Who do you deal with for GST in Quebec and for QST?

Under a federal-Quebec agreement, Revenu Québec receives and processes many GST and HST registration applications from people carrying on business in Quebec, and registered persons then deal with Revenu Québec for the GST, HST, and QST matters the agreement assigns to it, with scope set out in Revenu Québec and Canada.ca public pages. HST you charge on sales in participating provinces outside Quebec still follows federal rules, but the office that handles your in-Quebec GST file is not the same as for a business that has no Quebec situs, so read each notice for the right desk.

  • In Quebec, day-to-day GST, QST, and assigned HST work often routes through Revenu Québec, not a generic out-of-province process
  • When you also sell in Ontario, you can still have HST obligations for those out-of-Quebec sales, so map each supply to the right return
  • Keep a single source of truth for your registration numbers, trade name, and addresses so the bill matches the profile on file
  • When a rule is new to you, start with Revenu Québec and Canada.ca, then confirm facts with an advisor for complex supplies

Example

You are a small corporation in Montreal.
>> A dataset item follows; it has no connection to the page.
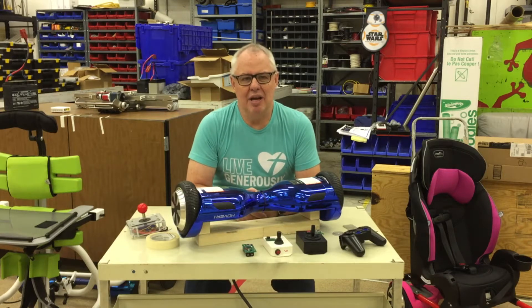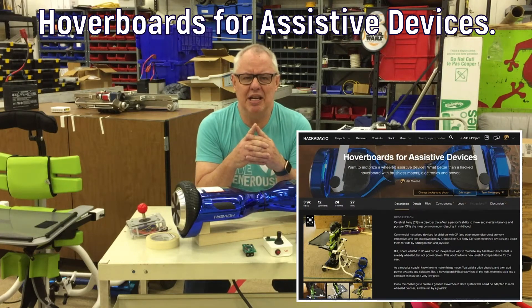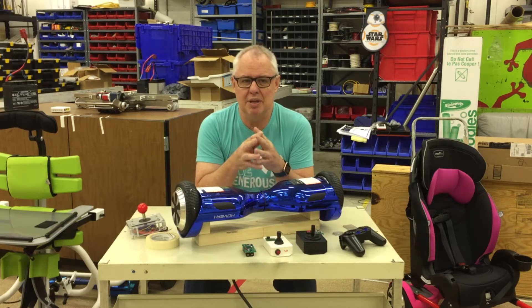Hi, I'm Phil Malone and I'm here to introduce my project Hoverboards for Assistive Devices. My project is not about creating a standalone product or program. It's all about providing a new capability or tool that anyone can use to build a specific solution for a specific individual. My mission is to help people achieve freedom of mobility by providing an affordable means to motorise low-cost wheeled devices.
You open and maintain the GST, QST, and related accounts Revenu Québec's guides describe, including online services, so your remittances, rebates, and questions follow the file Revenu Québec and the law assign to a Quebec business.

Side-by-side

QST in Quebec vs HST provinces vs 5% GST at a glance

Quebec typically shows 5% GST and 9.975% QST on two lines to the buyer, while an HST province usually shows a single HST line at the full rate. A GST-only line at 5% is what many buyers see when only federal GST applies on the charge and the place of supply is not Quebec or an HST province. Your registration and the place of supply, not a rough guess from a postal code alone, set which pattern applies (Government of Canada, Revenu Québec, place-of-supply rules).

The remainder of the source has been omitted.